Q&A: Nathan Belyeu of The Trevor Project on Supporting Youth as They Come Out
Research shows that more young people are choosing to come out in their teen years than in the past, but not all are met with loving arms. Family and youth workers can empower adolescents to make informed, thoughtful decisions about their coming out process with the help of "Coming Out as You!", a pocket-sized resource from The Trevor Project. Since its founding in 1998, The Trevor Project has provided crisis intervention and suicide prevention services to lesbian, gay, bisexual, transgender and questioning youth ages 13 to 24.
NCFY spoke with Nathan Belyeu, The Trevor Project's education director, about how family and youth workers can support LGBTQ young people during the process of coming out.
NCFY: Why did you decide to develop a guide specifically for young people considering whether or not to come out?
Belyeu: At The Trevor Project, we know that the coming out process is a particularly sensitive time. We like to look at it not as a one-time event. It’s something people do many times and in many places. Part of the coming out experience is understanding that.
Our model is really about empowering youth and giving them control over their coming out experience. This may include processing whether or not it’s the right time to come out and thinking through resources in the community if things do not go well with their families. For adolescents, those problem-solving skills are not present developmentally. A lot of these young people need tools to help them, and service providers need tools to help facilitate those conversations.
NCFY: How do you see family and youth workers using this resource?
Belyeu: I see “Coming Out as You!” as a great tool for one-on-one work. It’s designed in several ways like a workbook. It helps youth problem-solve and ask questions about support, consequences of coming out, and who to talk to if it doesn’t go well.
The guide can also help service providers talk about self-care as a challenge. What do you do to take care of yourself emotionally? There’s a foldout constellation for listing the pros and cons of coming out at a particular time, and a list of personal self-care strategies. It’s there to help young people visually map their own experience, and [as a service provider] you’re helping them think through that information.
NCFY: What if a young person isn’t ready to have that conversation yet?

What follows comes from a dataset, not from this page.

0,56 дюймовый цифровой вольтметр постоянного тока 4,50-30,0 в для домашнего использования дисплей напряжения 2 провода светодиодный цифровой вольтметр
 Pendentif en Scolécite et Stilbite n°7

Belyeu: Many of the youth that service providers encounter are in the stage of thinking about coming out and figuring out who they are. If you have tools like this visible in your office space, it can be a subtle cue that they have that conversation with you. LGBTQ youth are constantly scanning their environment, ascertaining if it’s a safe place or not. Those subtle cues--you should not underestimate their value. For LGBTQ youth that have experienced trauma, those cues are even more important.